The tech world has awoken to the issue of black boxes. As the development of deep neural networks move forward rapidly, the evolution of AI’s explainability and transparency must keep up. In our latest expert Q&A, Jani Turunen, Solita’s AI Lead and contributor to our recent report The Impact of AI, takes a peek inside the black box problem. Is it as scary as it sounds?
Why and how does the black box problem occur?
The black box problem is more prevalent in use of artificial neural networks, and less so with more simple learning algorithms.
Artificial neural networks can be imagined to be like a bunch of nerve cells communicating with each other, processing each other’s signal and transmitting it to each other. The more artificial cells, or units, you have, the more computing power the neural network has.
If we imagine a bunch of these units inside a box, give it input and start teaching the box with some expectations on the output, we do not really know what happens inside the box and what kind of representations the units learn from the data.
Although it is possible for us to extract the ways the units communicate with each other inside the box, the information means very little to us.
Are there some concrete ways to tackle the black box problem?
Yes, luckily in the last year or two we have seen some technological developments that allow us to tap into black boxes. For example, technologies like the Shapley Additive Explanations, or SHap. Technologies like these make it possible for us to understand what parts of the input data are more important in the decision-making process than others. It does not mean that the entire black box problem has gone away, but I certainly welcome these sorts of developments.

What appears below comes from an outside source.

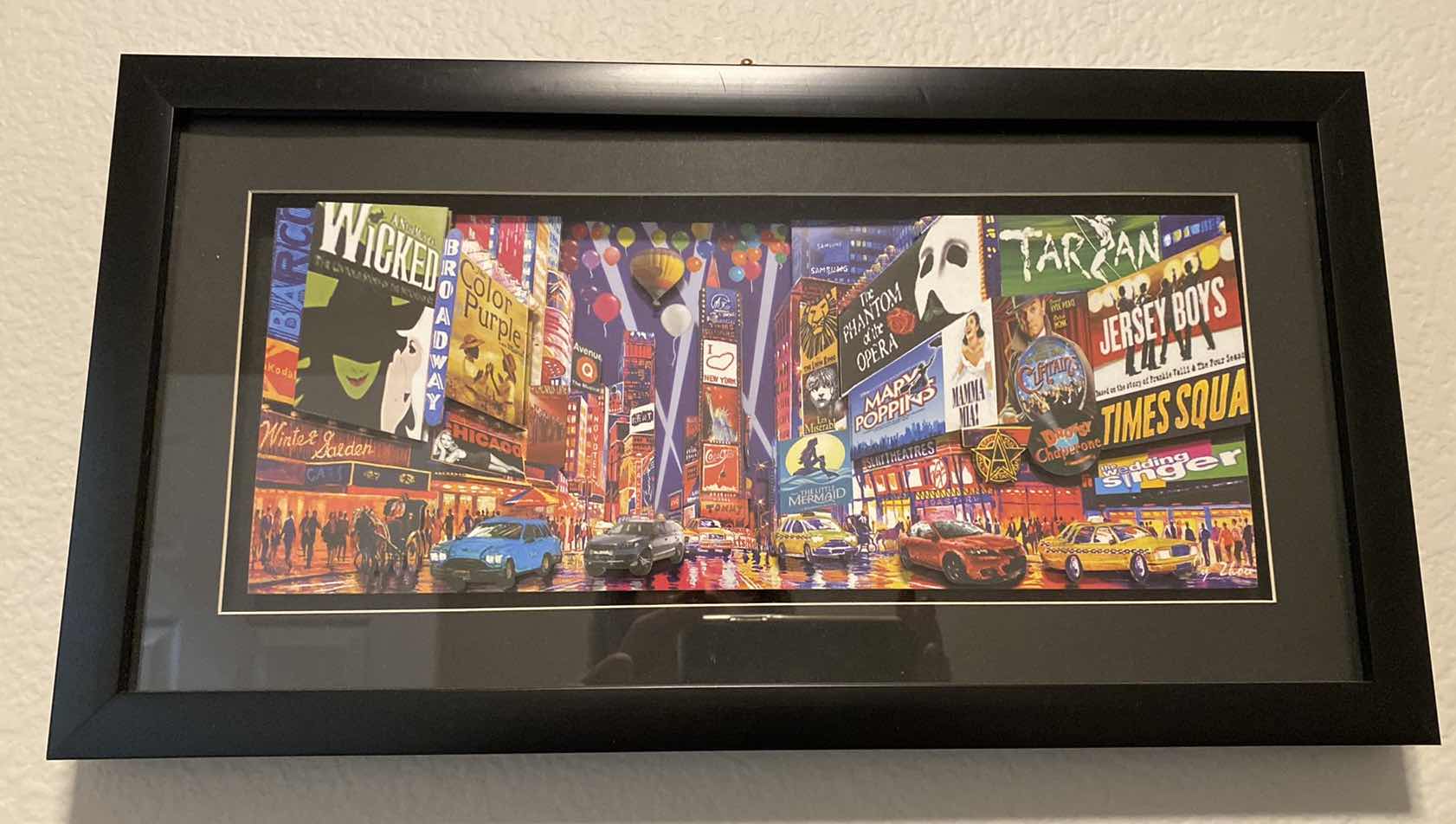 Photo 1 of FRAMED NEW YORK BROADWAY SHADOWBOX ARTWORK 17“ x 9“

This has been a big topic in international AI forums and certification processes. Companies and organisations in many fields of business currently are eager to build deep learning solutions and put them into production. But, in many cases, there is significant friction as it is imperative to have aspects of AI transparency and explainability in place for solutions to gain, for example, regulatory acceptance.

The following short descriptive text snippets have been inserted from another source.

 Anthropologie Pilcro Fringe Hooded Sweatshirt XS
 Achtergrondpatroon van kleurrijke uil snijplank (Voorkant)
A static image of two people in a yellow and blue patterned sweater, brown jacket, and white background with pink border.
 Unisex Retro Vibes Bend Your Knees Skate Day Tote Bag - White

In order for us all to learn to accept AI to be an integral part of our daily lives, we need to invest into AI literacy, transparency and explainability, using both voluntary but also regulatory means.
Is the black box problem something that AI developers, companies and people should be worried about?

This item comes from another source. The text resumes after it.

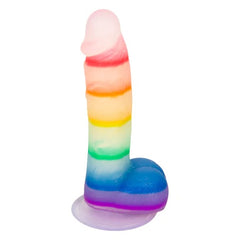 Multicolored jelly dildo representing LGBTQ+ community with pride and joy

Certainly, if we talk about automated systems, like an automated social security system, I think it is important for people to understand why a given decision was made and if it was made by a human or a machine. People should be empowered to say that “I want that decision to be made by a human”. I also think that although AI as a technology is not new, as a society, we are only taking our first steps in our journey using AI technologies at large. Letting AI solutions act on their own, making automated decisions on important human related matters, would not yet make everyone be at ease.
Humans have an important role to play interpreting AI systems’ decisions, but as President Kersti Kaljulaid of Estonia recently said, we cannot expect engineers to perpetually explain machines’ decisions, but machines need to be able to explain themselves. This is an interesting statement worthy of serious consideration.